Provided data:

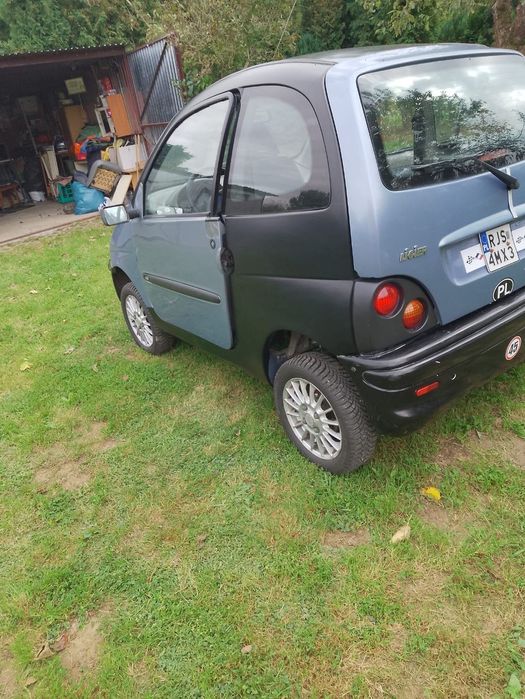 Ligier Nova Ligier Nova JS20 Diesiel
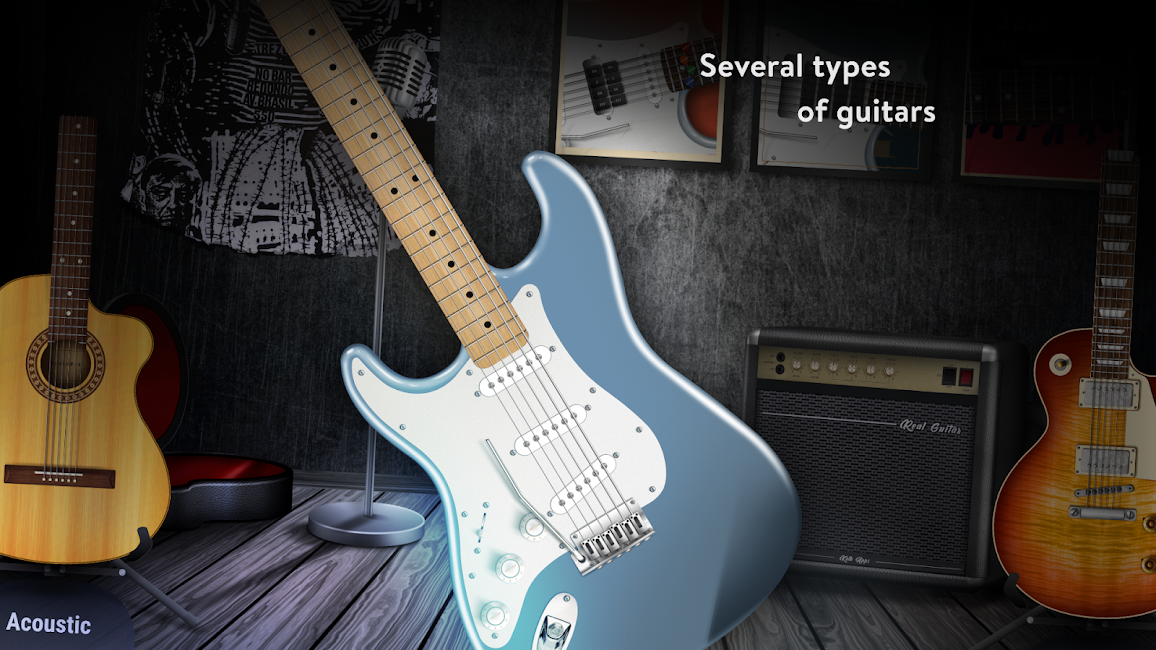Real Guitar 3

---

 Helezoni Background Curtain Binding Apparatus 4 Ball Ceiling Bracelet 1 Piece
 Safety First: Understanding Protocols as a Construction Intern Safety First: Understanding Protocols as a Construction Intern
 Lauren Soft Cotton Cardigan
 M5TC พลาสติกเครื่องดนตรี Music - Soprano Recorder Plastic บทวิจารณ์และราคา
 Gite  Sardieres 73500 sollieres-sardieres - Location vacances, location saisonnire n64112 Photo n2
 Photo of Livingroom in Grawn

Prompt: Output exactly the lines above, from the line with "Ligier Nova Ligier Nova JS20 Diesiel" to the line with "Real Guitar 3", both included; skip the pictures.

Task result:
 Ligier Nova Ligier Nova JS20 Diesiel
Real Guitar 3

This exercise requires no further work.